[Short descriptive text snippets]
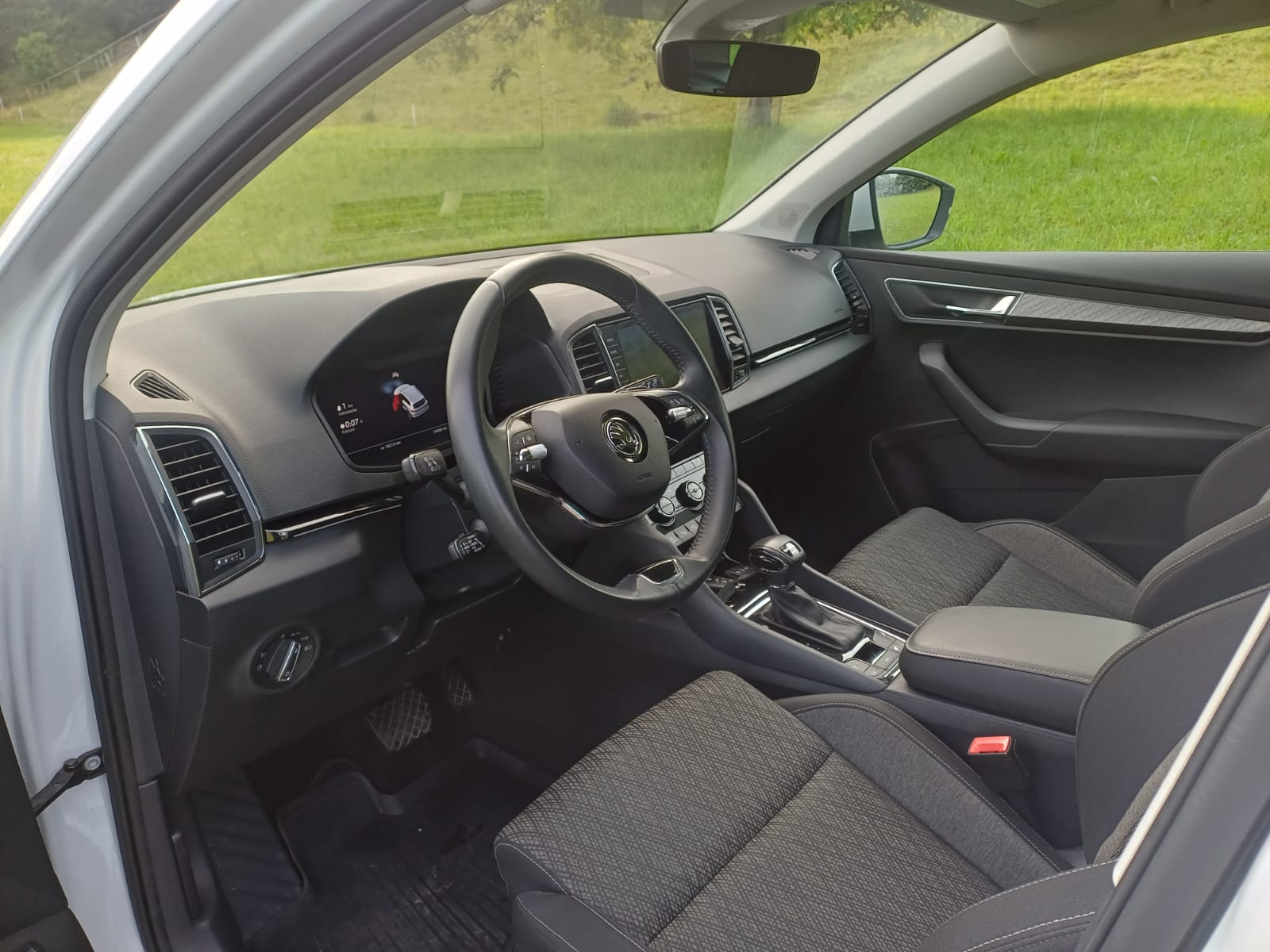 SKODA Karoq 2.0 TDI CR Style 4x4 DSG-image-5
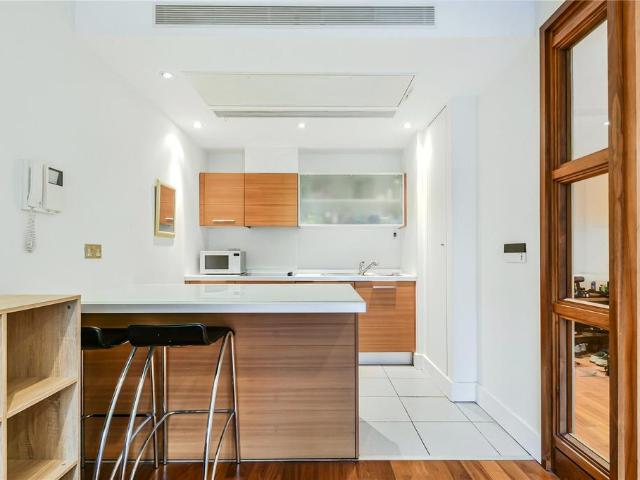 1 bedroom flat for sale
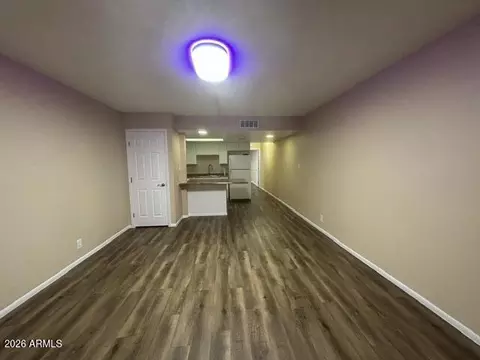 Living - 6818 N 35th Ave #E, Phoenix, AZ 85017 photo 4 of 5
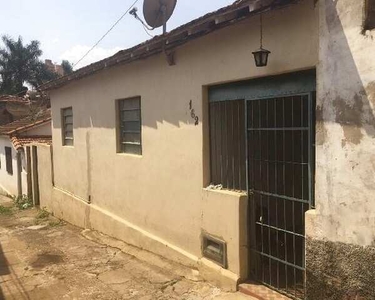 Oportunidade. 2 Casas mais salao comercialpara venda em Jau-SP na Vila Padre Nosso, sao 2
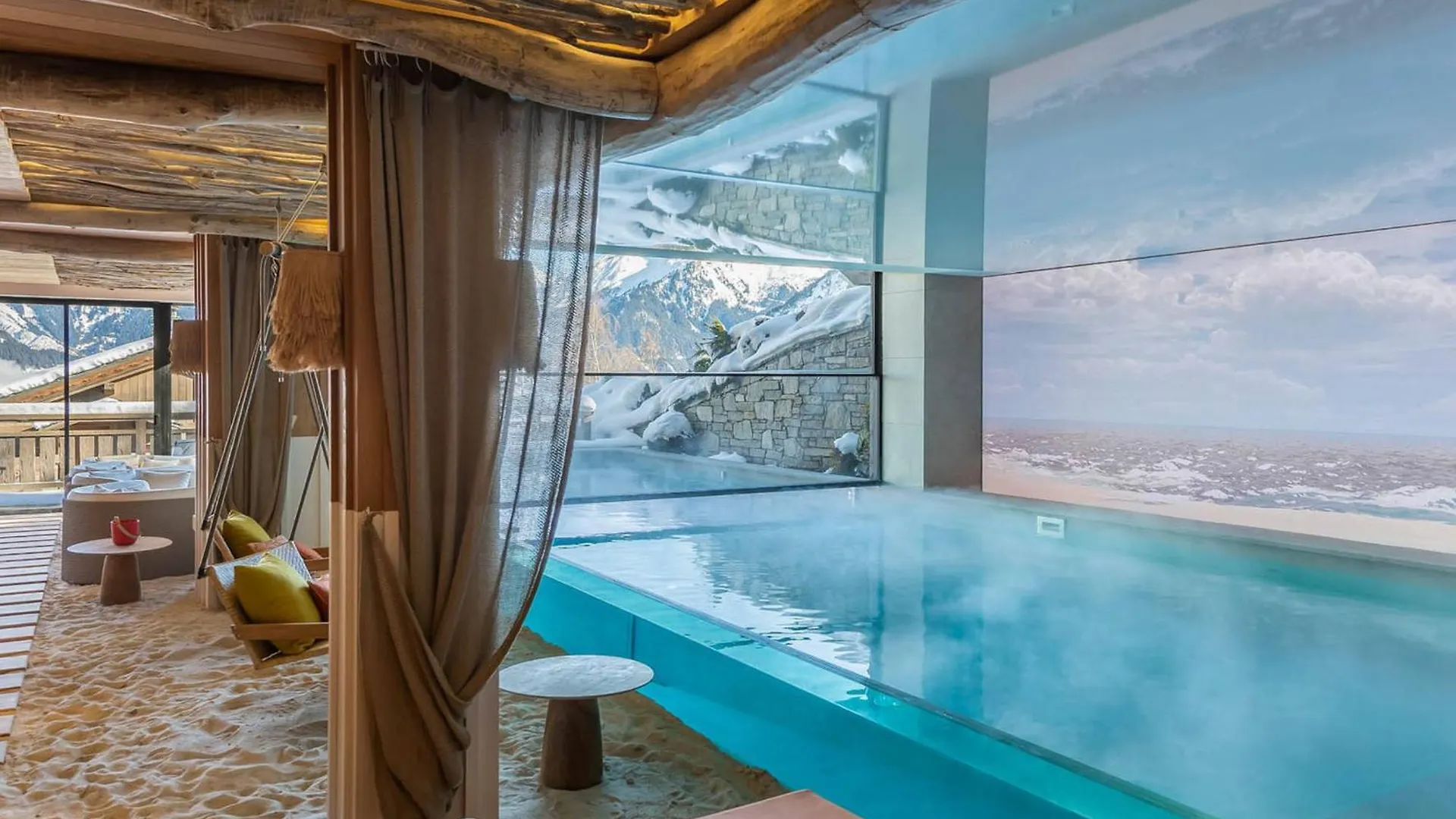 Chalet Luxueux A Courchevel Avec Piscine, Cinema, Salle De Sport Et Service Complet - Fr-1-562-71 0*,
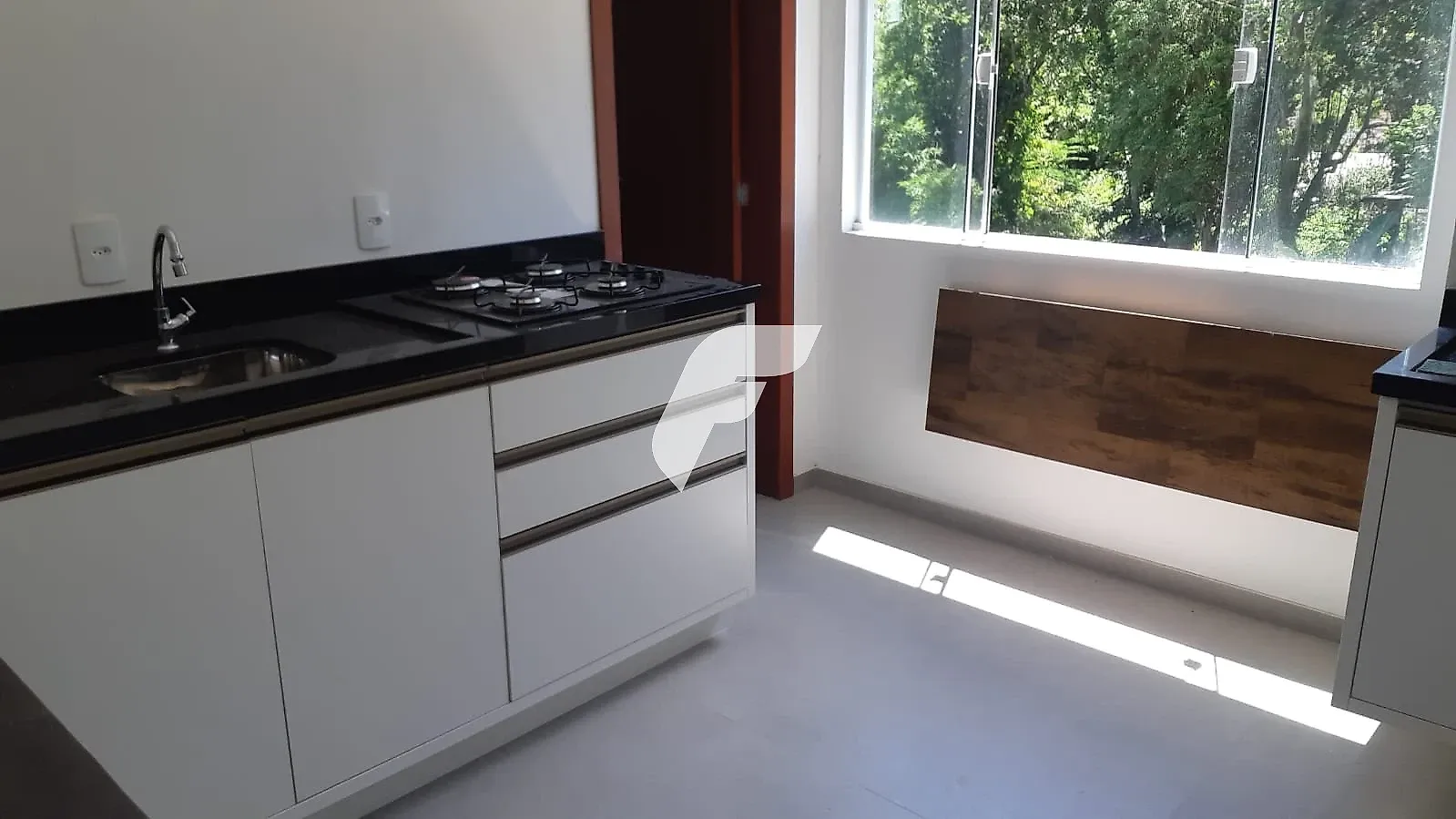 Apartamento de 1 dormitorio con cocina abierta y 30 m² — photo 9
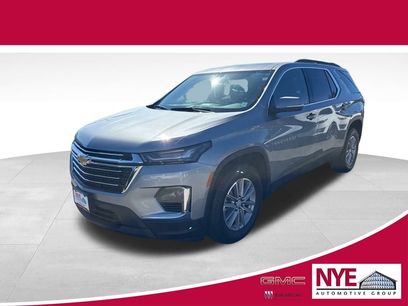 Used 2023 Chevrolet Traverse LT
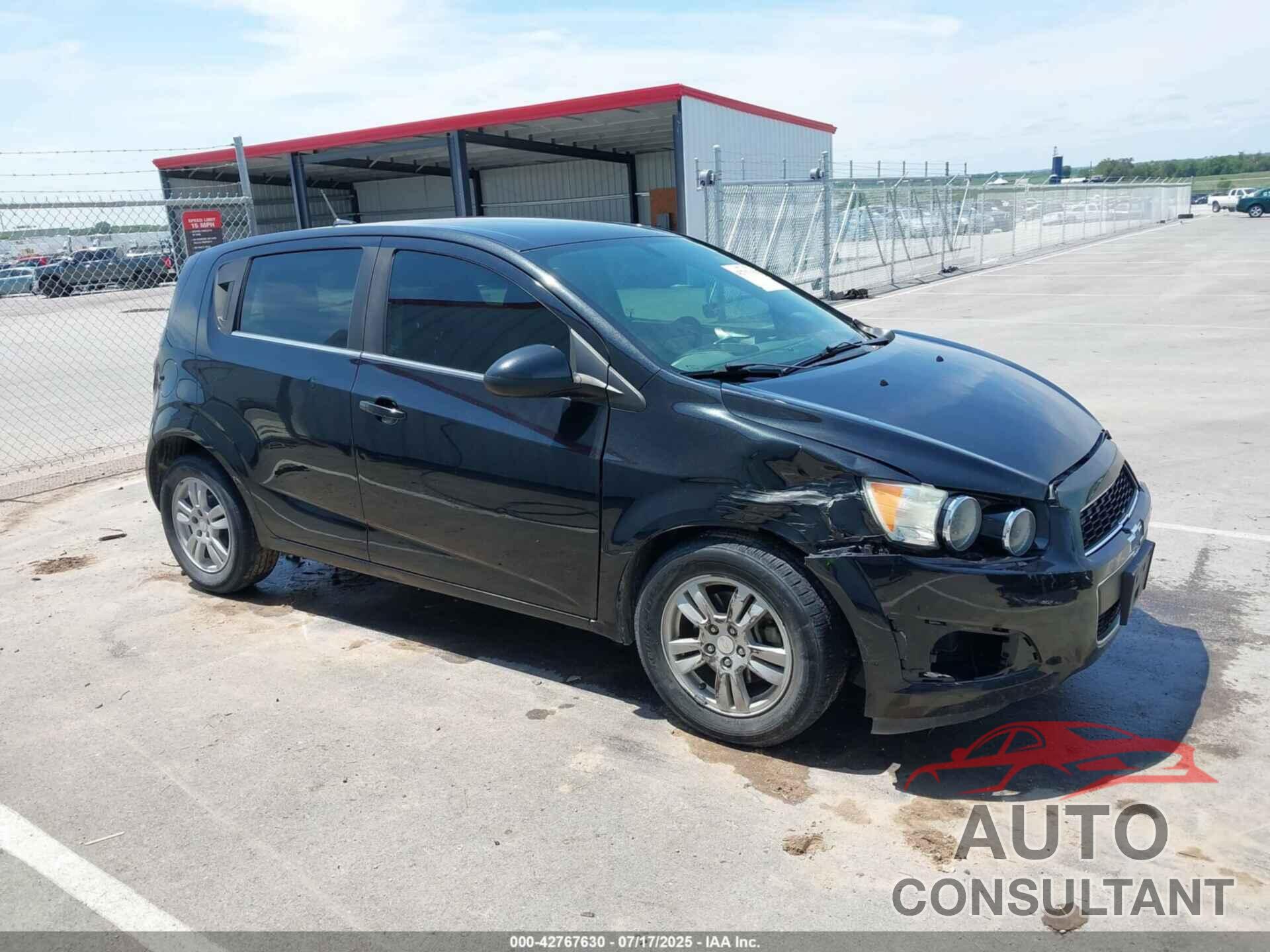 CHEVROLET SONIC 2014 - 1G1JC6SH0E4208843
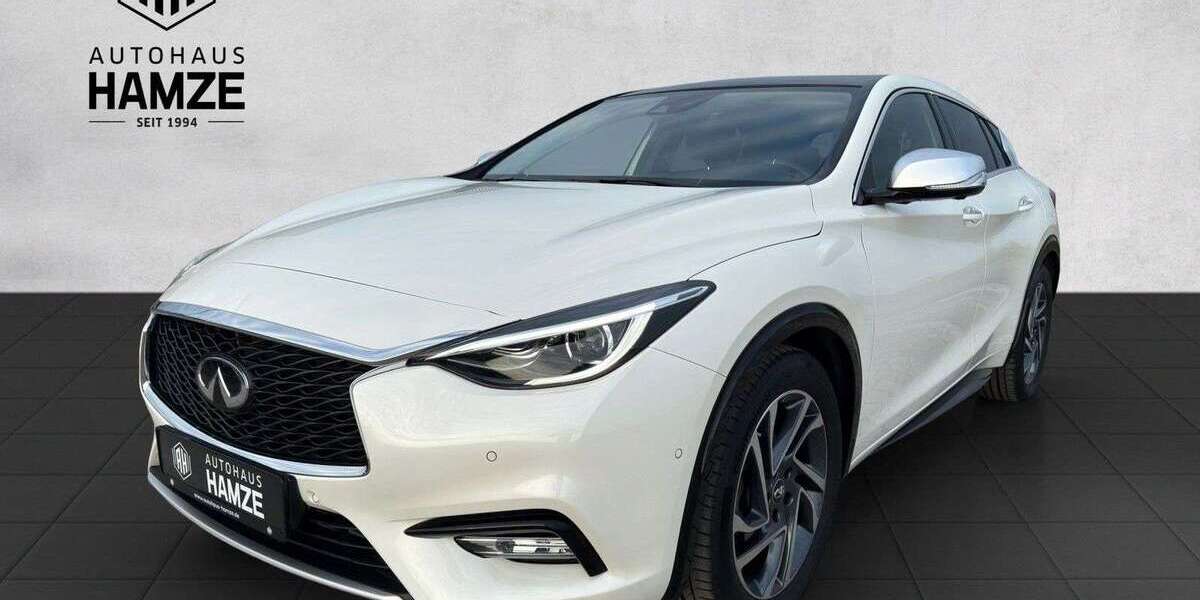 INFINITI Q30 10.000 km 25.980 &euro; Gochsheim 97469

_Your objective_
Should a picture appear among the entries, skip it and copy the rest exactly.

_Problem solution_
 SKODA Karoq 2.0 TDI CR Style 4x4 DSG-image-5
 1 bedroom flat for sale
 Living - 6818 N 35th Ave #E, Phoenix, AZ 85017 photo 4 of 5
 Oportunidade. 2 Casas mais salao comercialpara venda em Jau-SP na Vila Padre Nosso, sao 2
 Chalet Luxueux A Courchevel Avec Piscine, Cinema, Salle De Sport Et Service Complet - Fr-1-562-71 0*,
 Apartamento de 1 dormitorio con cocina abierta y 30 m² — photo 9
 Used 2023 Chevrolet Traverse LT
 CHEVROLET SONIC 2014 - 1G1JC6SH0E4208843
 INFINITI Q30 10.000 km 25.980 &euro; Gochsheim 97469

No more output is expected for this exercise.